Employment Issues.  Put in your annual leave request with your employer.  Begin to make arrangements for someone to look after your house, pets, lawn care, mail, pay bills, etc. as needed.

Book Flights.  You should complete this before the month is out.  Use a competent travel agent familiar with Africa, or a reliable online booking service to finalize your flight itinerary.  Before you commit, however, make sure you are familiar with your selected airlines policy on traveling with firearms and ammunition, excess baggage, and over-weight baggage.  Policy is usually consistent from one airline to the next, but this is not assured.  At this time, if you are a US citizen also check with the Transportation Safety Administration (TSA) and Customs & Border Protection (CBP) to determine their policies for departing and re-entering the country of origin.  (https://www.tsa.gov/) (www.cbp.gov/)

Complete Thorough Review of Chacma Hunting Safari Website.  Make sure you are familiar with all the content on the Chacma Hunting Safari website.  In particular, review the FAQs Section, the Articles Section, the Importation of Firearms Section, and the Suggested Reading & Viewing List.  If something on the Reading & Viewing List appeals to you be sure to place an order for those items early this month.  In particular consider “African Experience” by Craig Boddington (available in book form, or as a DVD) and “Flack Hunts South Africa” a two-DVD set.  You will refer to his material again and again, so both are well worth the price.  If you are hunting dangerous game with us, you are entitled to a free DVD from us on your particular dangerous game animal.  Speak to your Pro-Staff Team Member on obtaining your free DVD.  When your order arrives start reading/viewing the material as soon as convenient.

Start Thinking About Clothing and Equipment.  There is still plenty of time to get everything packed, but let’s face it, thinking about clothing and equipment is all part of the fun and heightens the anticipation.  Consider designating a specific room, or corner in your house, where you will begin to accumulate all the stuff you will consider bringing on safari.   Check our Gear List (or other sources) to begin to get a feel for what will work best for your needs.
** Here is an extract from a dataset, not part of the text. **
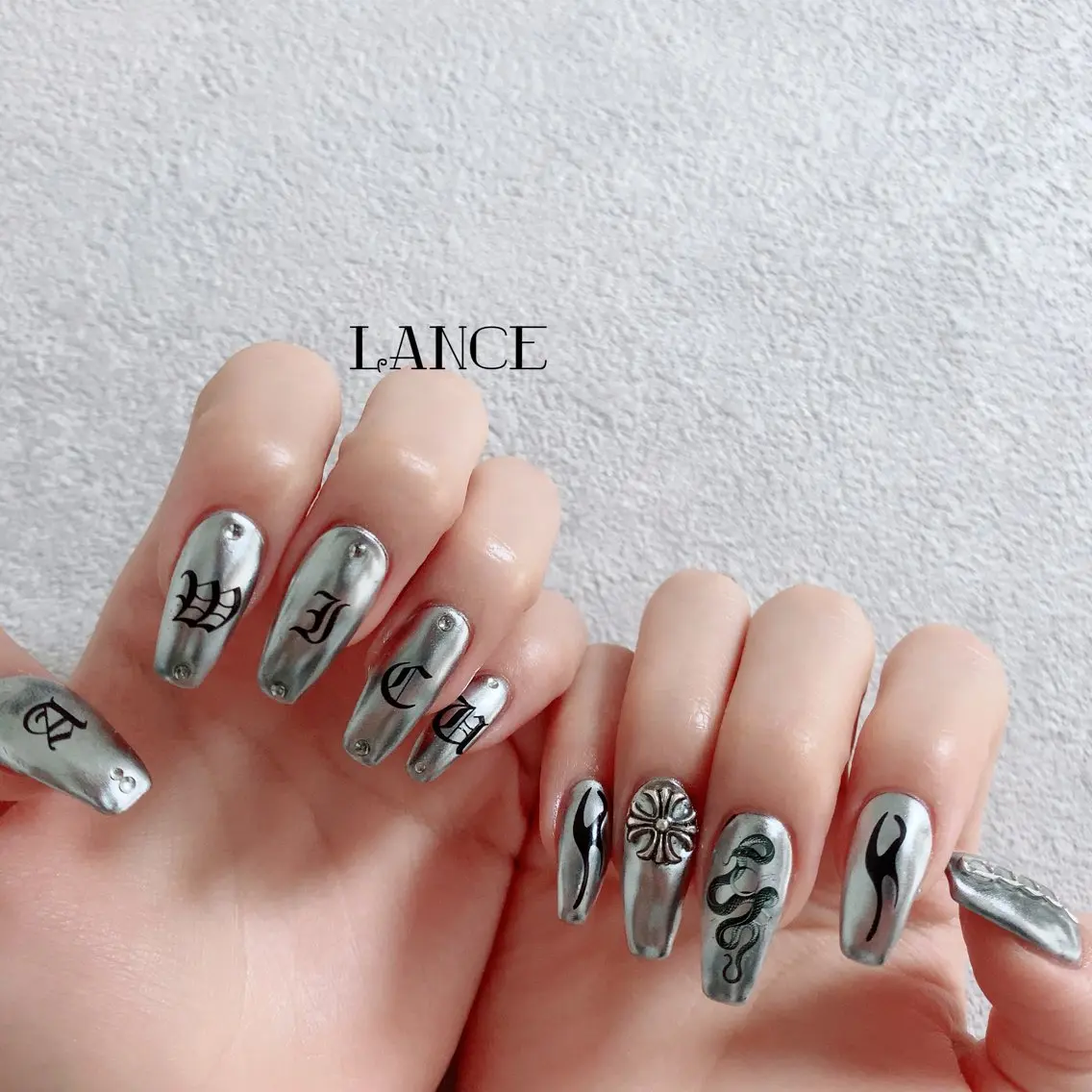 ネイル オーロラネイル フレンチネイル グラデーション キラキラネイル 韓国ネイル Lance nailのネイルデザイン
Most importantly, evaluate your boots at this time.  If you need new boots, buy them now and wear them consistently over the next few months to ensure they are adequately broken-in.
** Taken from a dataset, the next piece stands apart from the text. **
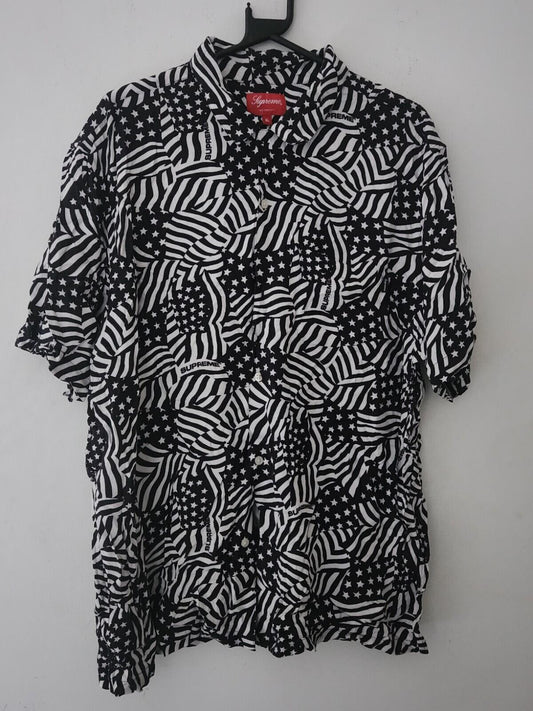 Camisa Rayón Supreme Flags SS20 negra talla XL manga corta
Firearms.  If you bought a new firearm, now is the time to begin to get familiar with it.  Mount any optical sights, or other required accessories, this month.  If you are taking a familiar firearm with you, now is the time to make sure everything is functional.  Check the mounts and rings to ensure everything is tight.  If you contemplate making any repairs or improvements (maybe you want to glass bed the action?) you must complete these actions this month, as soon you will need to start shooting.

Start doing some shooting this month if you can.  The more rounds you can fire under realistic field conditions the better prepared you will be.  With this thought in mind, use your .22LR bolt gun for your initial practice sessions if you like.  However, make this serious practice; not just an excuse to blow off some ammo and call it done.  See “Shooting Section” in Step 4 below and apply those same principles here.
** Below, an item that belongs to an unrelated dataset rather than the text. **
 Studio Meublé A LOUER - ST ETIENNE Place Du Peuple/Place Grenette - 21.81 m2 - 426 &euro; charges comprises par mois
Safari Club International.  If you are not a member of Safari Club International (SCI) consider joining now (www.safariclub.org/).  A one year membership is reasonable and over the next few months you may likely find information in their various publications that are useful to you in finalizing your safari plans.  For one thing, any time significant news events or travel alerts that are made public with the potential to impact the international hunter SCI sends its members an email advising of the details.  This could be very important information to have as your departure date for your safari approaches.



Firearms Importation.  Familiarize yourself with the requirements for getting your firearms imported into RSA.  Check our FAQs section and Importation of Firearms section elsewhere on our website for additional information.  The process is not overly complicated.  However, it is a bit involved.  You can complete the process completely on your own and file the forms with South African Police Service (SAPS) and save some expense, or you can hire a Clearing Agent to do it for you.  Doing it yourself, while saving you some money, also involves some risk.  You will be dealing with a foreign bureaucracy, so if you run into any difficulty you will not have an advocate to mitigate your troubles.  If you hire a Clearing Agent you will incur some expense ($125 – $175 at this writing), but you will have an advocate if any glitches develop, and you can then focus on a part of the planning process that is more enjoyable than filing government paperwork.  Even when hiring a Clearing Agent you will still have to complete the forms on your own, but filing them and monitoring the process will be handled by the Clearing Agent you have hired.  You can find Clearing Agents (they go by any number of different names) providing this service in publications of the Dallas Safari Club, Safari Club International, possibly through links on their respective websites, and through online searches.  Bring any questions you might have to your Pro-Staff Team Member. 

In any case, preparation of, and the actual filing of your importation paperwork is another step in the planning process that should not be delayed because Clearing Agents have deadlines by which they must be in receipt of your properly completed documents.  The number of days may vary from one Clearing Agent to the next, but a suggested minimum is at least 25 days in advance of your arrival date in RSA.  Currently, (for residents of the United States) there are 5 documents that are part of a properly completed firearms importation package: (1) SAPS 520, (2) CBP Form 4457, (3) Copy of your passport. (4) copy of your airline itinerary, and (5) an Invitation Letter from Chacma Hunting Safari.  As to the official forms, download these forms either through a link on our website, or from the respective agency’s website.  Download the Chacma Hunting Safari Invitation Letter from our website.  Be sure to scroll all the way down to see the instructions as to how to complete this letter.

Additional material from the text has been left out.